Information Inequality in College Major Choice (job market paper)

I study disparities in college major choices across students from different socioeconomic backgrounds and analyze their implications for intergenerational income mobility. One potential explanation for these disparities is differential access to information about majors' academic content and personal fit. To explore the role of information frictions on major choices, I use administrative data from the centralized college application system in China. Consistent with the information inequality hypothesis, I document that students of low socioeconomic status (SES) are 21.6% (3.16 percentage points) more likely than their high-SES peers to choose majors that are familiar to them from their high school curricula. Further support for the information inequality hypothesis comes from a survey experiment in which high school students report their expectations about college majors and from information spillovers among high school classmates. To discuss the economic consequences, I calibrate a model of major choice and find that, because of information inequality, low-SES students face higher mismatch rates and lower future incomes than their high-SES peers. Counterfactual analyses indicate that information interventions and affirmative action policies can effectively narrow the income gap across socioeconomic backgrounds.

Heuristics in Self-Evaluation: Evidence from the Centralized College Admission System in China (joint with Hongbin Li)

Forthcoming, the Review of Economics and Statistics

Using administrative data on the Chinese National College Entrance Examination, we study how left-digit bias affects college applications. We find strong discontinuities in students' admission outcomes at 10-point thresholds. Students with scores just below multiples of 10 make more conservative college application choices that place them into less selective colleges and majors. In contrast, students who score at or just above multiples of 10 aim and achieve higher but are at greater risk of overshooting. The discontinuity reveals that, despite the educational and labor market consequences, students' self-evaluation based on exam scores is subject to information processing heuristics.

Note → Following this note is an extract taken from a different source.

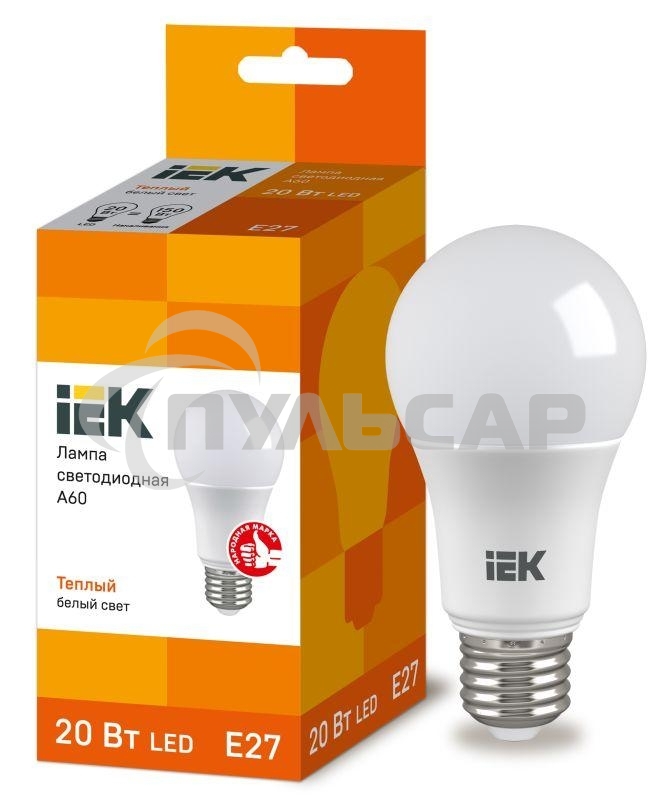 Лампа cветодиодная Iek LLE-A60-20-230-30-E27 ECO A60 шар 20Вт 230В 3000К E27 IEK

Family Spillover Effects of Marginal Diagnoses: The Case of ADHD (joint with Petra Persson and Maya Rossin-Slater)

Conditionally Accepted, the American Economic Journal: Applied Economics

The health care system uses patient family medical history in many settings, and this practice is widely believed to improve the efficiency of health care allocation. This paper provides a counterpoint by documenting that reliance on hereditary information can amplify the misallocation of low-value care. We study Attention Deficit Hyperactivity Disorder, and show that reliance on family medical history generates a "snowball effect"—the propagation of an original marginal diagnosis to a patient's relatives. This snowball effect raises the private and social costs of low-value care.


The Gender Gap in Small Business Performance: Evidence from a Food Ordering Platform (joint with Carol Lu)

Presented at the ASSA/AEA 2022 Annual Meeting

In this paper, we examine the gender gap in business performance among freelancers who sell home-cooked meals—a field traditionally perceived as female-typed and requiring complex business strategies. Using high-quality proprietary data from an online food ordering platform, we document a 12% gender gap in sellers' daily revenues. Factors highlighted in the existing literature such as working hours and experience narrow the gap by 63%. The remaining gap can be explained by male and female freelancers adopting different business strategies in pricing, positioning, and market expansion.

Firm Pricing Strategy and Consumer Dishonesty: Evidence from the Bike-Sharing Industry (joint with Guangyu Cao, Wei Dai, and Juanjuan Meng)

This paper investigates the impact of firm pricing strategy on consumer dishonesty in the context of bike-sharing. Using more than one million trip records from a bike-sharing company and shock from a free-riding campaign, we create a novel measure of cheating and construct a Regression Discontinuity model to find that bike-sharing users would submit more false reports of defective bikes to escape payments when facing a price hike. Heterogeneity analysis reveals that the increases in cheating behaviors after a price surge are more conspicuous for male and non-student users and concerns about their social images during the daytime hours could mitigate motives to cheat. We also find suggestive evidence that consumers exhibit a reciprocal relationship with the bike-sharing company.